Talk about a Hobson's choice, Somalia's presented a long series of them.

Get involved, and get reamed for imperialism. Don't get involved, and let them slaughter each other, and get reamed for imperialist attitudes.

Send them food, and have the warlords use it for their own ends--or the clerics get it, and use it for theirs. Bonus: pirates seizing food ships. Or let the people starve.

Support the weak government--what, the 92nd in the last year?--in exile, one that has no police, no military, no tax revenue, and no authority--or support one of the sets of thugs that so desperately want to gain power, however limited, that they're constantly creaming their pants in anticipation of. Some are warlords. Some are clerics who advocate shari'a enforcement so retrograde and medieval that makes the most hard-line clerics in Sa'udia Arabia positively giddy with excitement. I know the clerical establishment there praised Somalia when the clerics announced they were in charge and shari'a was the law of the land (just as they did when Sudan made the same announcement), but I'm unsure that Sa'udi Arabia's officially recognized them.

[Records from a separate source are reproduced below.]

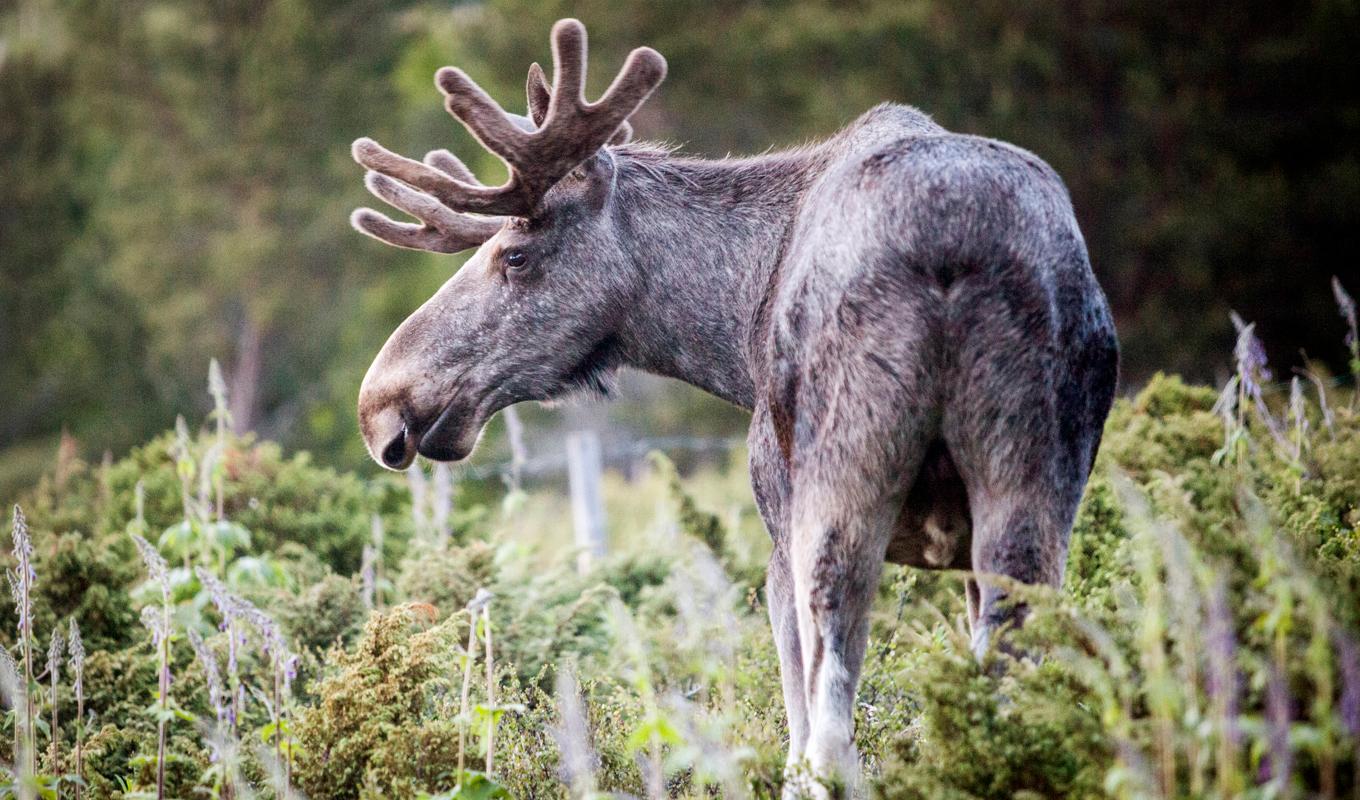 Jägarna i norra Sverige uppmanas att spara fler vuxna älgar i årets jakt. Foto: Paul Kleiven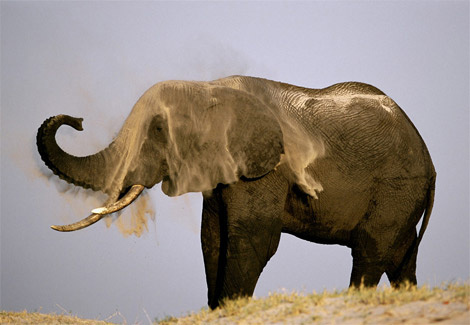 elephant-dust-bath-683922-ga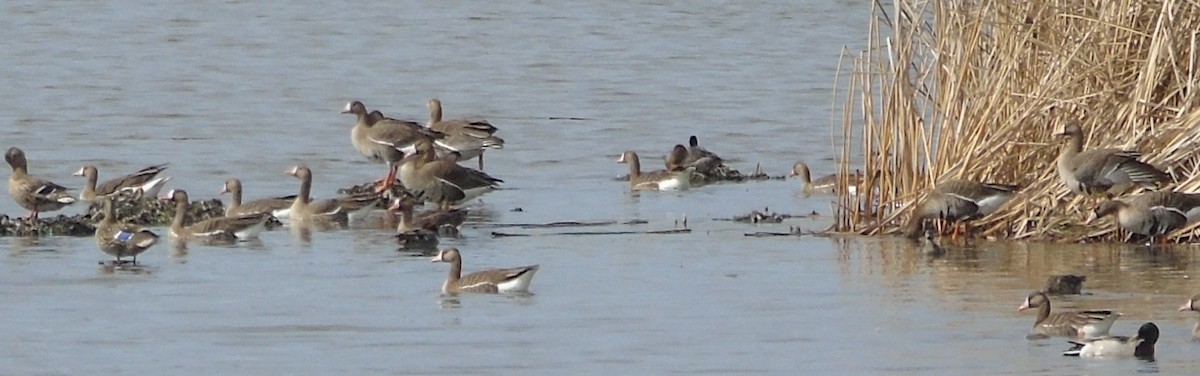 Greater White-fronted Goose - ML93312131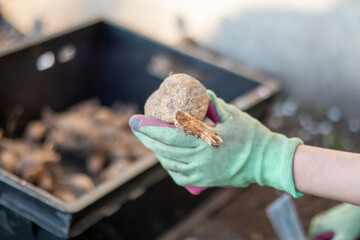 Planting a dahlia tuber in a spring flower garden. Working with plants in the garden. Gardening with flower tubers. Good roots of a dahlia plant. Hands of a gardener woman in a garden in gloves.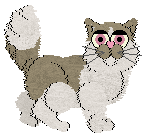 Patchwork's Bitter Ponzu — “Sudachi”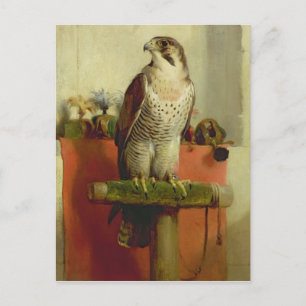 Carte Postale Faucon, 1837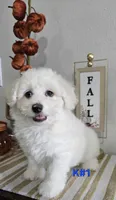 K#1, a male Bichon Frise and Maltipoo for sale in Russellville, KY – 3 of 5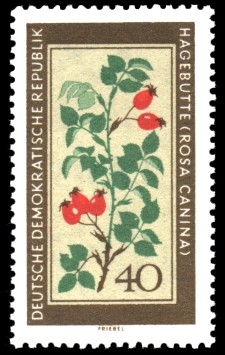 40 Pf Briefmarke: Therapeutische Arzneipflanzen, Hagebutte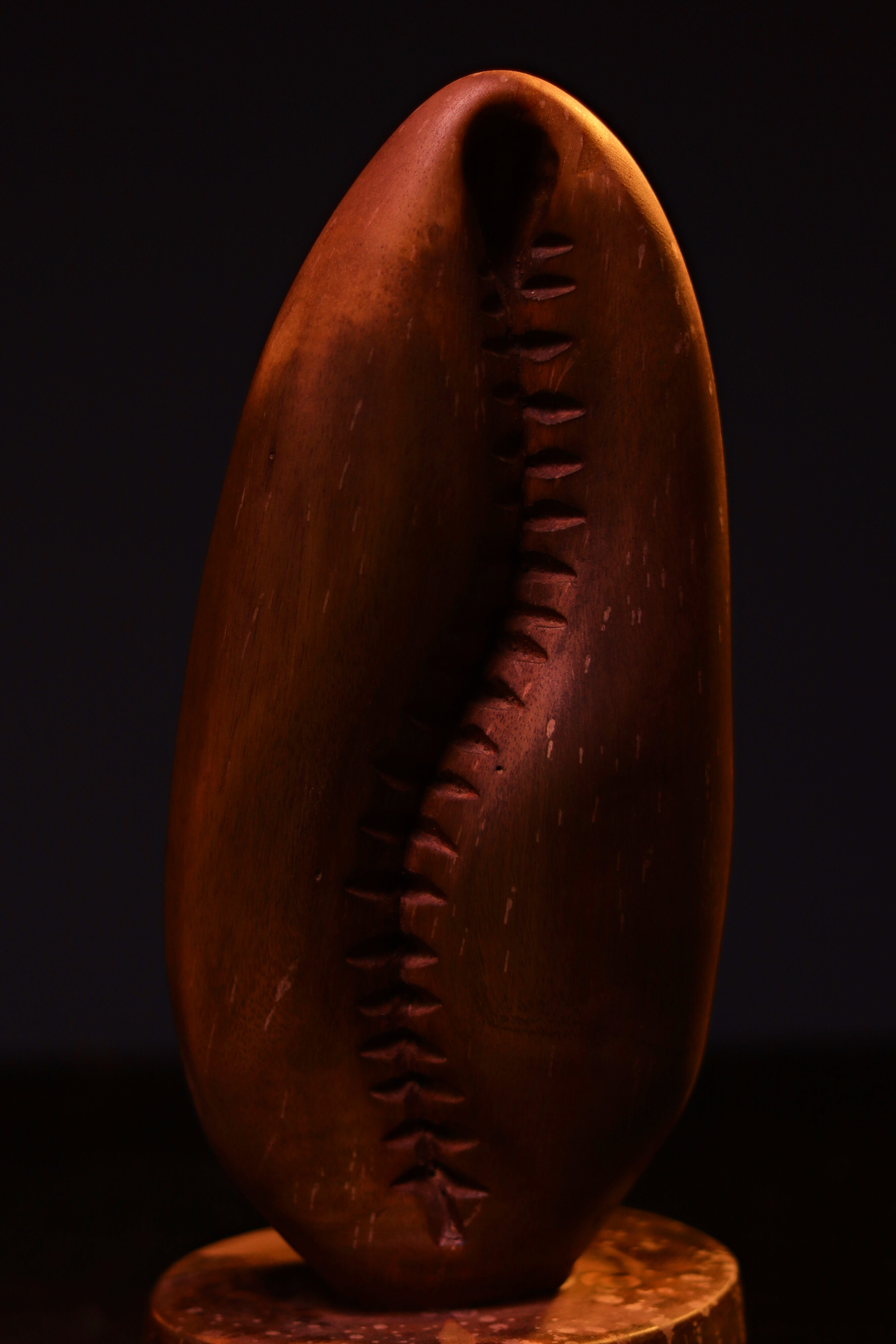.Ajé (Brown) - Image 10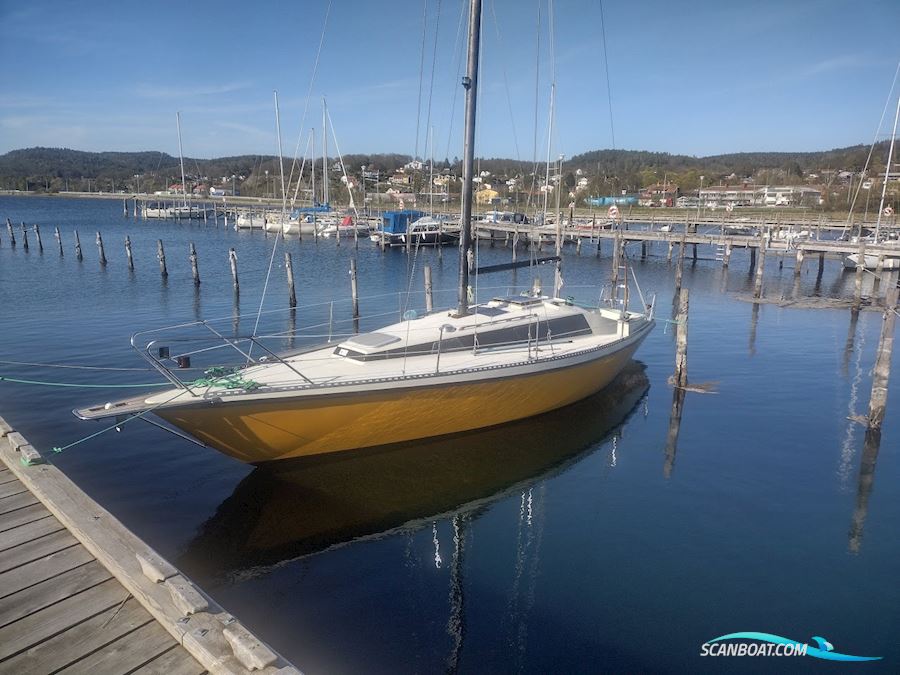 Marinette 33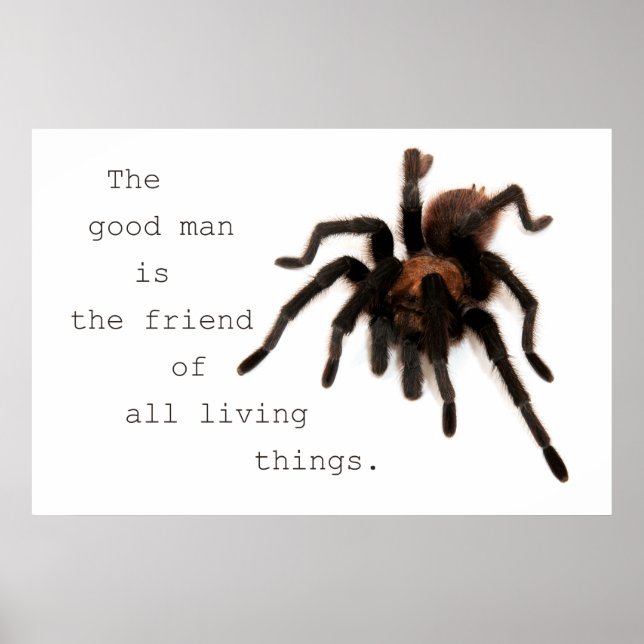 Pôster O Bom Homem (Frente)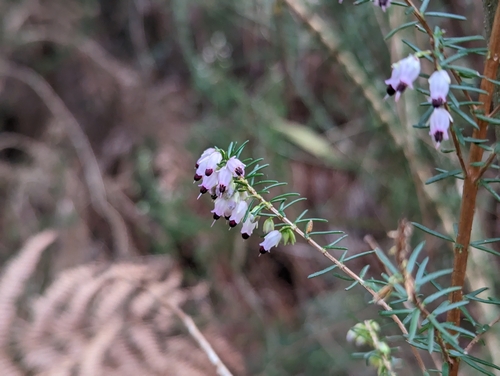 Image of Erica erigena by (c) Elias, some rights reserved (CC BY)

The last time we were presented with precisely this sort of problem, and the clerics got in charge of the territory, we saw that wonderful darling of the liberal wing of the democratic party take power--the Taliban. (And if you really need the sarcasm emoticon, here it is: :sarcasm: ) Personally, I have no preference in who to support on strictly moral or democratic principles.

I don't even know that I support the idea of just one being in charge. At least this way the two camps of totalitarian idiot-despots kill innocents mostly by accident. But I think the clerics would win, appealing to populist superstitious lunacy has seldom failed.

But a few years ago the US state department said it would interfere to prevent failed states in northern Africa from harboring what they considered terrorists. Only a very few states qualify: Algeria, Somalia ... Somalia ... Somalia. Sudan keeps coming close; but one result was pushing for peace in the south. It's more likely the quasi-Wahhabi clerics in Somalia would support bin-Ladenites more than the warlords would.